* SUPPLIED MATERIAL *
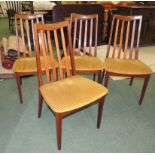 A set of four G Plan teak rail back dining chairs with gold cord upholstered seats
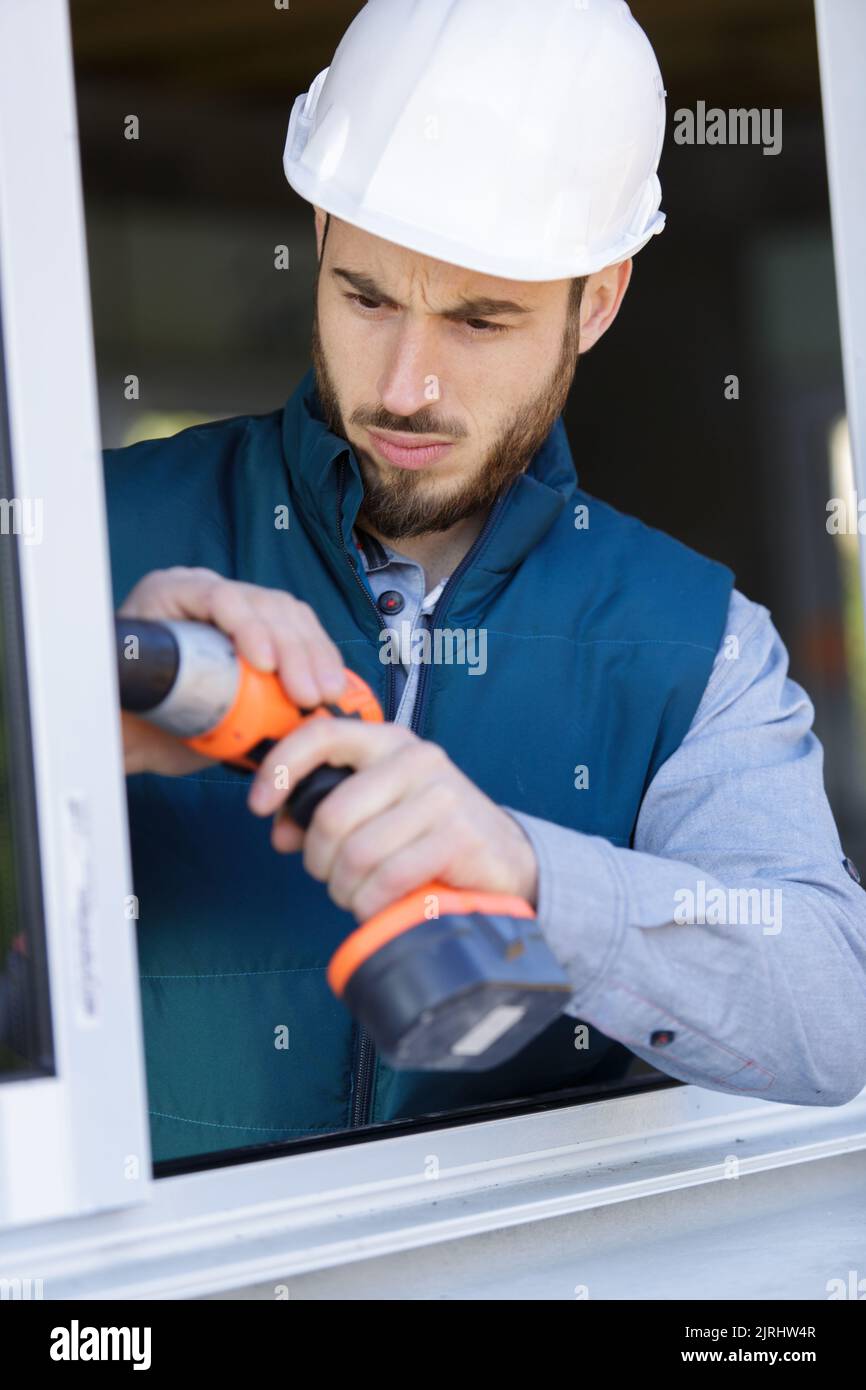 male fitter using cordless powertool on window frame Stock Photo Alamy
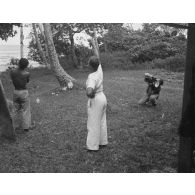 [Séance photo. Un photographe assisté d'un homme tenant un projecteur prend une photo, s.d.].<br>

* WHAT YOU NEED TO DO *
Before you return the listing exactly, strip out its pictures.

* TASK RESULT *
 A set of four G Plan teak rail back dining chairs with gold cord upholstered seats
 male fitter using cordless powertool on window frame Stock Photo Alamy
 [Séance photo. Un photographe assisté d'un homme tenant un projecteur prend une photo, s.d.].<br>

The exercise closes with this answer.